Whilst inkjet technology is well-established on home and small office desktops and is now having increasing impact in commercial printing, it can also be used to deposit materials other than ink as individual droplets at a microscopic scale. This allows metals, ceramics, polymers and biological materials (including living cells) to be patterned on to substrates under precise digital control. This approach offers huge potential advantages for manufacturing, since inkjet methods can be used to generate structures and functions which cannot be attained in other ways.

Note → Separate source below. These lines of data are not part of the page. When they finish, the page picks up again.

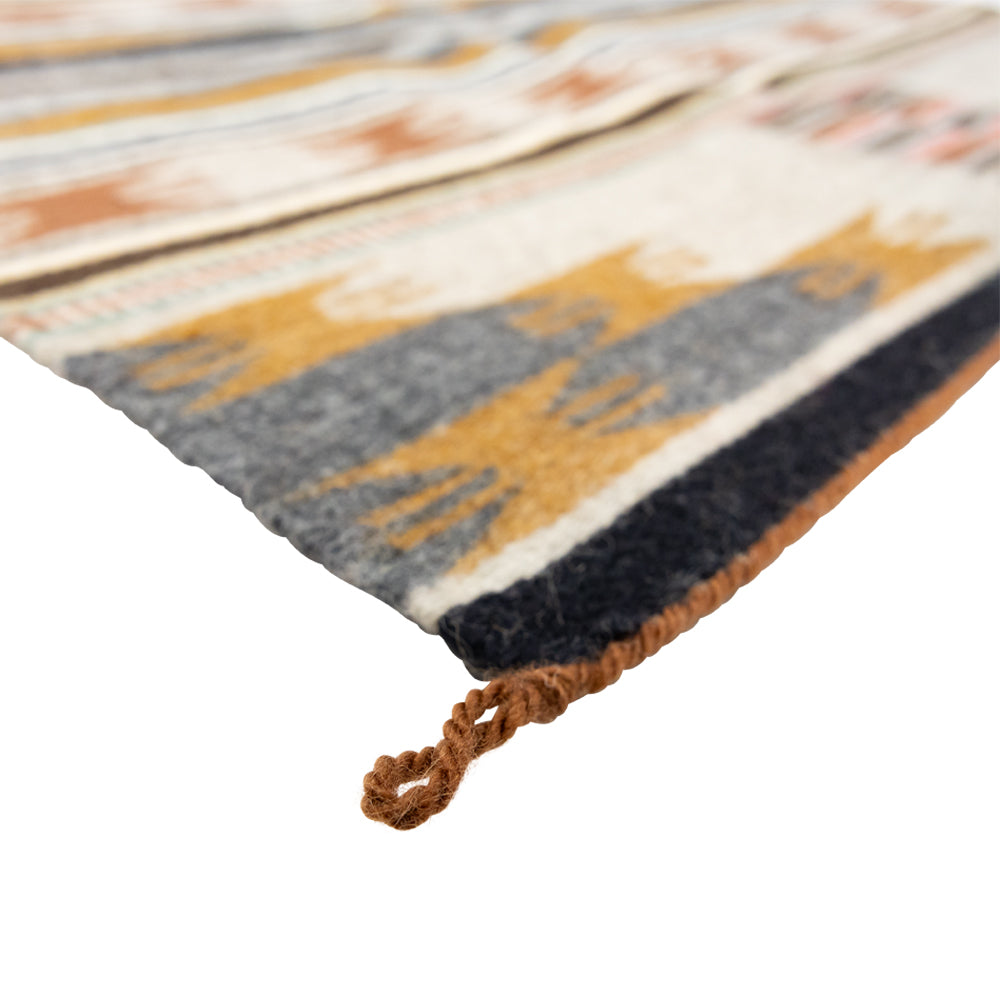 Close-up of a patterned rug with earthy tones on a white background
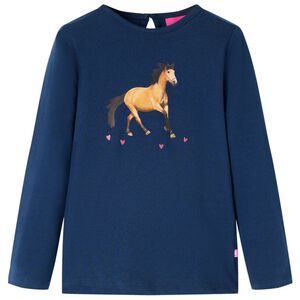 vidaXL T-shirt enfants &agrave; manches longues bleu marine 92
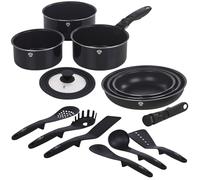 Blaumann Aluminium Induction Space Saving Cookware Pots Frying Pan Set Detachable Handle with Kitchen Accessories 6 Tools (Black Matt, 9 Pc w/ 6 Tools), comp-14594-21430+14597+14596-21455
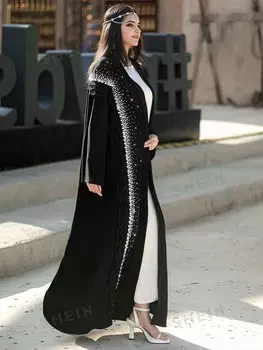 Najma Платье-абая с узором в виде синих звезд Фата ручной работы из бисера, украшенная рюшами, для мусульман, модная абая Shein, черный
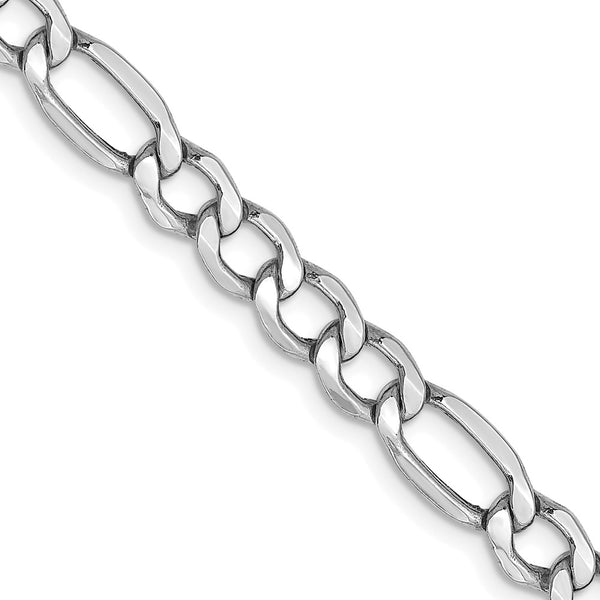 14K White Gold Figaro Chain, 5.75mm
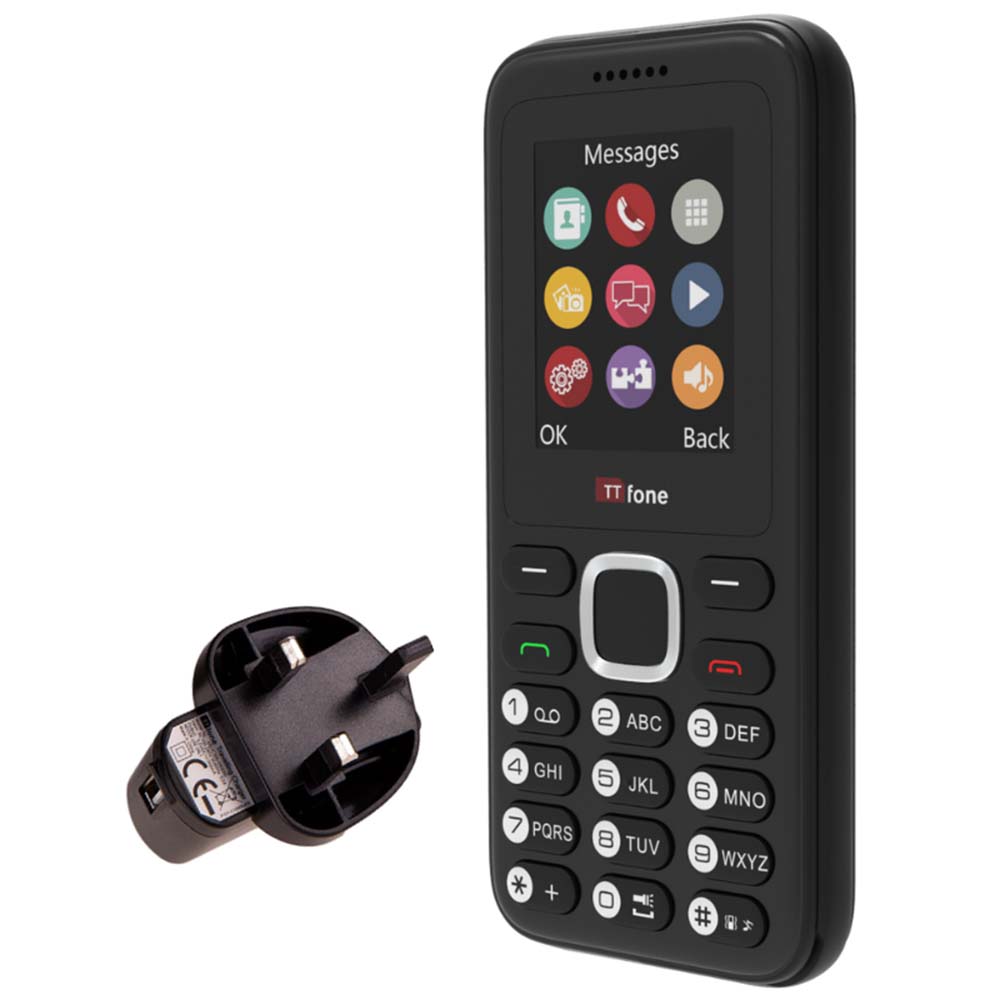 Returned Resale - TTfone TT150 Black Dual SIM Mobile with Mains Charger, O2 Pay As You Go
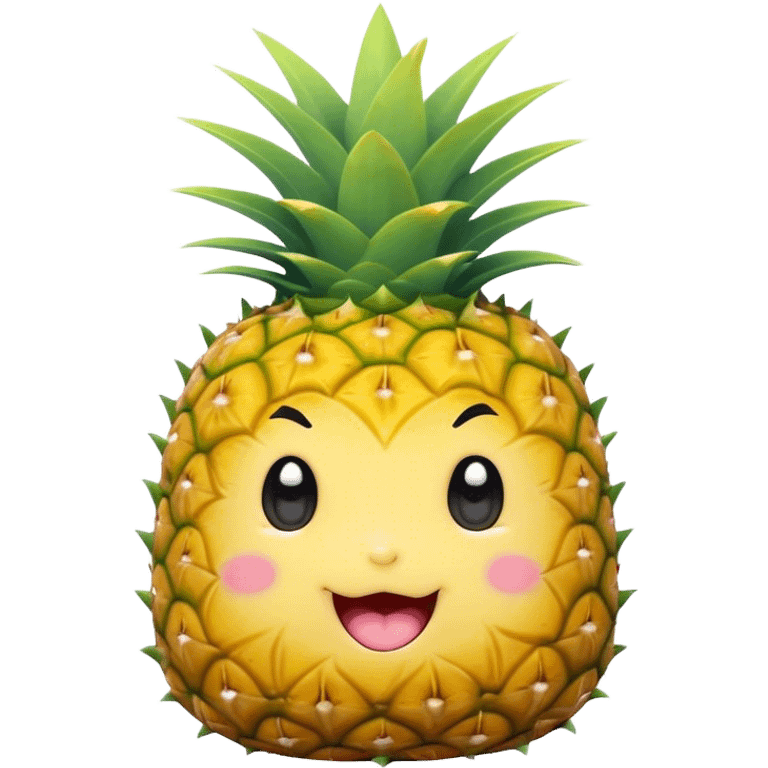 Cute Kawaii Pineapple, tiny and round, bright golden yellow with a spiky green top, chubby cheeks, playful winking expression, soft pastel textures, sweet and tropical vibes! emoji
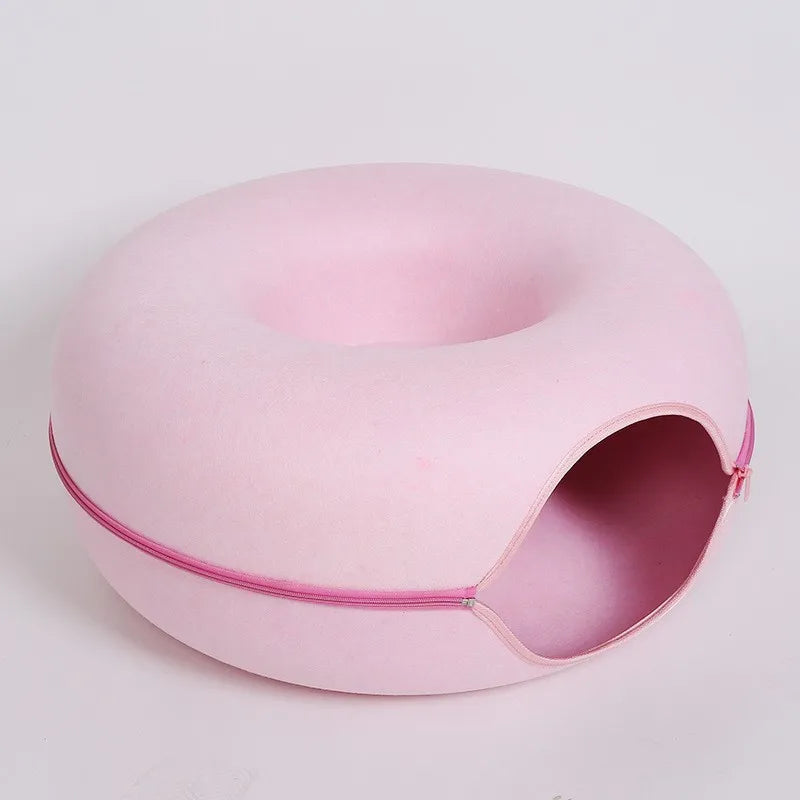 Donut-Shaped Cat Bed & Interactive Tunnel – Cozy Kitten House for Play and Rest-My Little Pet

Beginning with an overview of the fundamentals, this bookcovers the key components, for example piezoelectric print-heads and fluids for inkjet printing, and the processes involved. It goes on to describe specific applications, e.g. MEMS, printed circuits, active and passive electronics, biopolymers and living cells, and additive manufacturing. Detailed case studies are included on flat-panel OLED displays, RFID (radio-frequency identification) manufacturing and tissue engineering, while a comprehensive examination of the current technologies and future directions of inkjet technology completes the coverage.

With contributions from both academic researchers and leading names in the industry, "Inkjet Technology for Digital Fabrication" is a comprehensive resource for technical development engineers, researchers and students in inkjet technology and system development, and will also appeal to researchers in chemistry, physics, engineering, materials science and electronics.